I love my Timmy, have used it for years, and it has beat everything else I have used for low gain, transparent overdrive (Klon, BD2, Barber LTD, Pork Loin, Dano TOD V1). The _only _thing I don’t like about the Timmy is that it has side mounted jacks since it makes for a messy board with cabling issues (all my fuzz and dirt pedals are top loaded). For this reason, I recently purchased a used Menatone Red Snapper since it has top loaded jacks and a good rep as a low gain pedal.
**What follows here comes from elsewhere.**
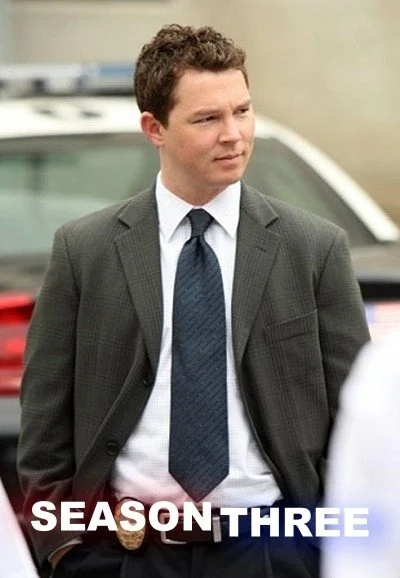 Phim Southland (Phần 3)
I’ve been a/bing the pedals back and forth and it is really close. Here is how I would some it up:

Timmy (V2, toggle switch in the middle):
More like a smaller tube rectified amp but with a strong low end. The best pedal I have ever heard for maintaining your bass _without _producing muddy dirt. ZERO “fizz” as the note decays. Amazing. The only knock is that the top end can get _a bit_ “splatty” but I am _really _being stupidly picky here (I only noticed this once I compared it to the Snapper). Sound like my amps cranked. The best “stacking” pedal I have ever heard. It makes every fuzz and dirt pedal sound better when playing at low volumes. In fact, it sounds just like running your fuzz and dirt into my amp when they are cranked up.

Red Snapper (4 knob version with top loaded jacks):
Tighter dirt, “different” mids than the Timmy, zero “splat” on the high end. Basically no “fizz” as the note decays (except at ridiculously low volume levels). Great transparency, sounds like my amp cranked up. The only knock is that the low end changes once you kick the pedal in; it doesn’t sound bad, there is no obvious “he turned on a pedal” moment, but it doesn’t have the strong, piano like bass strength of the Timmy. A very good stacker, but not quite the Timmy’s equal here.
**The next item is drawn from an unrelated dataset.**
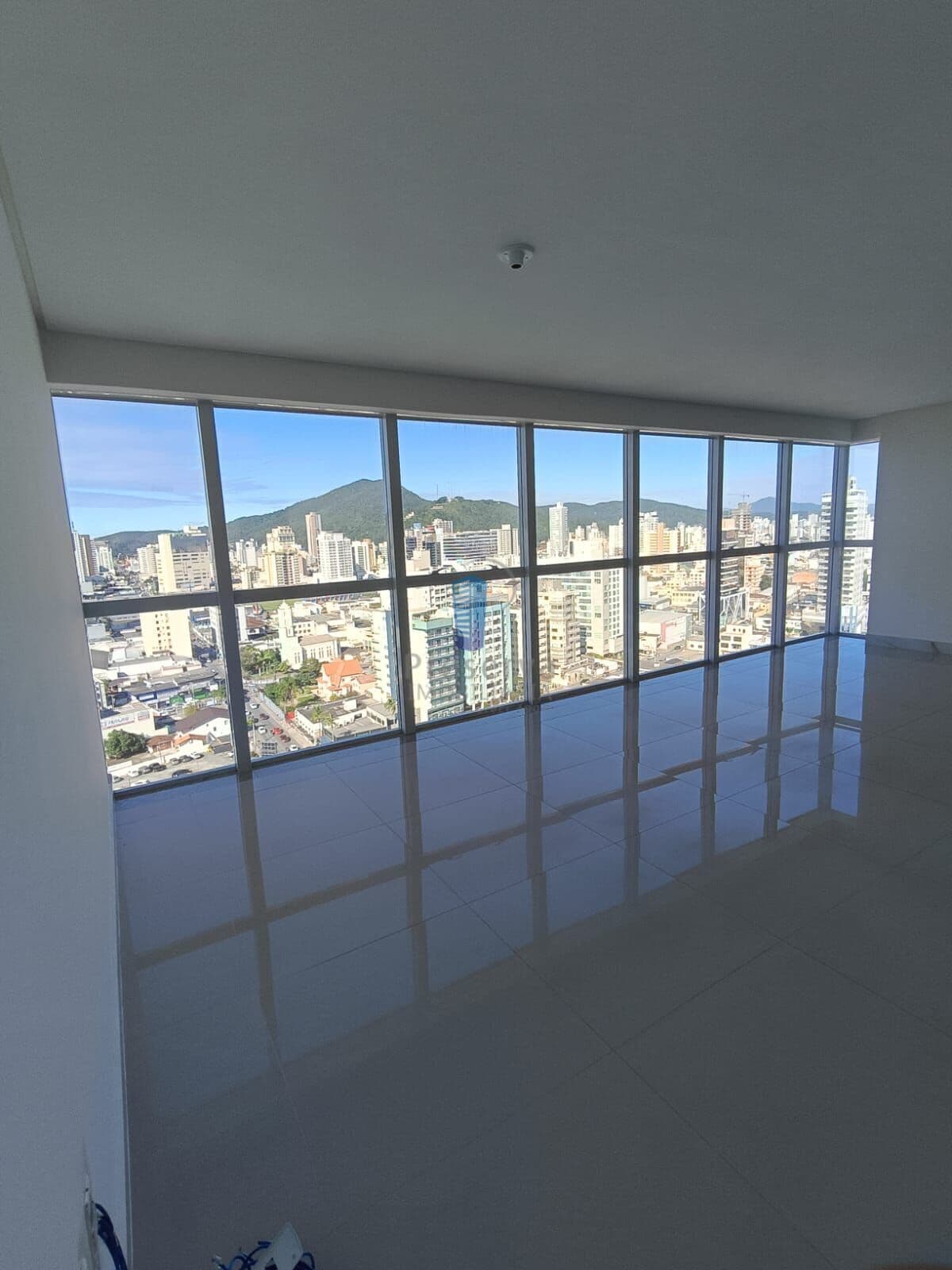 Sala Comercial em Edifício Comercial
Verdict: Too close to call. I am still giving the Timmy a slight advantage on _my amp _but with other amps it could easily be a slight edge to the Snapper. I need to spend a bit more time with them, but the Snapper is the real deal and I look forward to playing it more.

Second Verdict: Paul C should make a Timmy “EQ” pedal. Seriously, why does this pedal make every pedal sound _and respond _like it is running into a cranked up amp? Even if you don’t use the Timmy’s gain, just having the pedal on seems to setup the same “sound stage” you get with cranked amps. I am going to run the Snapper into the Timmy and see if the strong low end comes through.

TG


----------